ORDER BY "departure_count" DESC
LIMIT 1Error: invalid identifier '"airport_name"'
The agent reads the error, realizes airport_name lives in a different table, and retries with a join:
SELECT GET(PARSE_JSON("airport_name"), 'en')::VARCHAR AS "airport_name",
COUNT(*) AS "departure_count"
FROM AIRLINES.AIRLINES."FLIGHTS"
JOIN AIRLINES.AIRLINES."AIRPORTS_DATA"
ON "FLIGHTS"."departure_airport" = "AIRPORTS_DATA"."airport_code"
GROUP BY "airport_name"
ORDER BY "departure_count" DESC
LIMIT 1Result: Domodedovo International Airport — 3,217 departures.
One plain English question, one self-correction, one answer.
What I Learned
Small models can punch above their weight. I was surprised how well a modest LLM like gpt-4o-mini handled the task — running on a Mac, it solved queries effectively. The key was clear tool definitions: when the interface is well-defined, the model knows exactly what to do and can self-correct on failures.

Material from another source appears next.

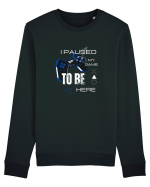 I Paused The Game To Be Here Bluză mânecă lungă Unisex Rise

Metadata is crucial — and worth caching. Extracting column names and data types was straightforward, but inferring foreign key relationships required prompting the LLM. That’s a costly operation, so I added caching to avoid repeating it. Lesson learned: invest in good metadata upfront, then reuse it.
Simple tools make fast iteration possible. Both lisette and FastHTML stayed out of my way, which meant I could focus on what mattered: finding the right prompts. And that’s where the real work was — iterating quickly on prompts until the agent behaved the way I wanted.
Model fails to answer for ambiguous questions. As question get complex the model does not perform well and generalize.
What’s Next
Khazad Dum already supports multi-turn conversations — you can ask follow-up questions and refine your queries naturally. But there’s more mining to do:
More databases. The current interface works with SQLite, Oracle, and Snowflake, but I’d like to extend support to Postgres, MySQL, and beyond. The clean interface pattern should make this straightforward.
Recursive Language Models. I’m exploring recursive approaches where the agent can break complex questions into smaller sub-queries, solve them step by step, and combine the results. Think of it as the dwarves digging multiple tunnels that eventually connect.
The mines of Khazad Dum go deep — there’s plenty more mithril to uncover.